You are invited to bring your humorous stories, jokes, poems, gathas, and strategies for using humor and laughter to relieve suffering. Please consider the Fourth Mindfulness Training: Loving Speech and Deep Listening when making your selection! Below are a few thoughts on humor and laughter in the Buddhist tradition.

I hope you can join us,

Eric Donaldson


Smile a Lot (from Being Peace by Thich Nhat Hanh, p. 14)

Meditation is to be aware of what is going on—in our bodies, in our feelings, in our minds, and in the world. Each day 40,000 children die of hunger. The superpowers now have more than 50,000 nuclear warheads, enough to destroy our planet many times. Yet the sunrise is beautiful, and the rose that bloomed this morning along the wall is a miracle. Life is both dreadful and wonderful. To practice meditation is to be in touch with both aspects. Please do not think we must be solemn in order to meditate. In fact, to meditate well, we have to smile a lot.


Garry Shandling

Humor is a wonderful way to deal with our suffering because if we can laugh at our troubles, we can feel better. Thich Nhat Hanh is a special man who has helped millions with their suffering with incredible technique. But he doesn’t know real suffering, because he has not dated as much as I have.

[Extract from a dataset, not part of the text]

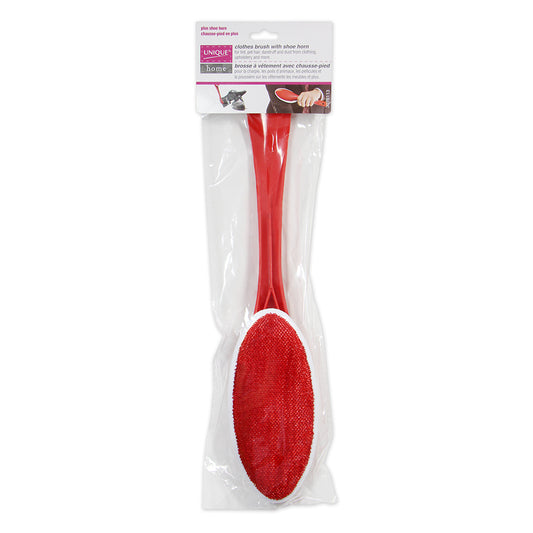 Unique Home Clothes Brush with Shoe Horn – 2‑in‑1 Garment Care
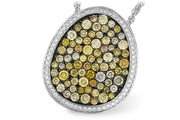 2.46ctw Natural Colored Diamond Boulder Necklace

A Story Told by Thich Nhat Hanh

There is a story I would like to tell you about a woman who practices the invocation of the Buddha Amitabha’s name. She is very tough, and she practices the invocation three times daily, using a wooden drum and a bell, reciting, “Namo Amitabha Buddha” for one hour each time. When she arrives at one thousand times, she invites the bell to sound. (In Vietnamese, we don’t say “strike” or “hit” a bell.) Although she has been doing this for ten years, her personality has not changed. She is still quite mean, shouting at people all the time.

A friend wanted to teach her a lesson, so one afternoon when she had just lit the incense, invited the bell to sound three times, and was beginning to recite “Namo Amitabha Buddha,” he came to her door, and said, “Mrs. Nguyen, Mrs. Nguyen!” She found it very annoying because this was her time of practice, but he just stood at the front gate shouting her name. She said to herself, “I have to struggle against my anger, so I will ignore that,” and she went on, “Namo Amitabha Buddha, Namo Amitabha Buddha.”

The gentleman continued to shout her name, and her anger became more and more oppressive. She struggled against it, wondering, “Should I stop my recitation and go and give him a piece of my mind?” But she continued chanting, and she struggled very hard. Fire mounted in her, but she still tried to chant “Namo Amitabha Buddha.” The gentleman knew it, and he continued to shout, “Mrs. Nguyen! Mrs. Nguyen!”

She could not bear it any longer. She threw away the bell and the drum. She slammed the door, went out to the gate and said, “Why, why do you behave like that? Why do you call my name hundreds of times like that?” The gentleman smiled at her and said, “I just called your name for ten minutes, and you are so angry. You have been calling the Buddha’s name for ten years. Think how angry he must be!”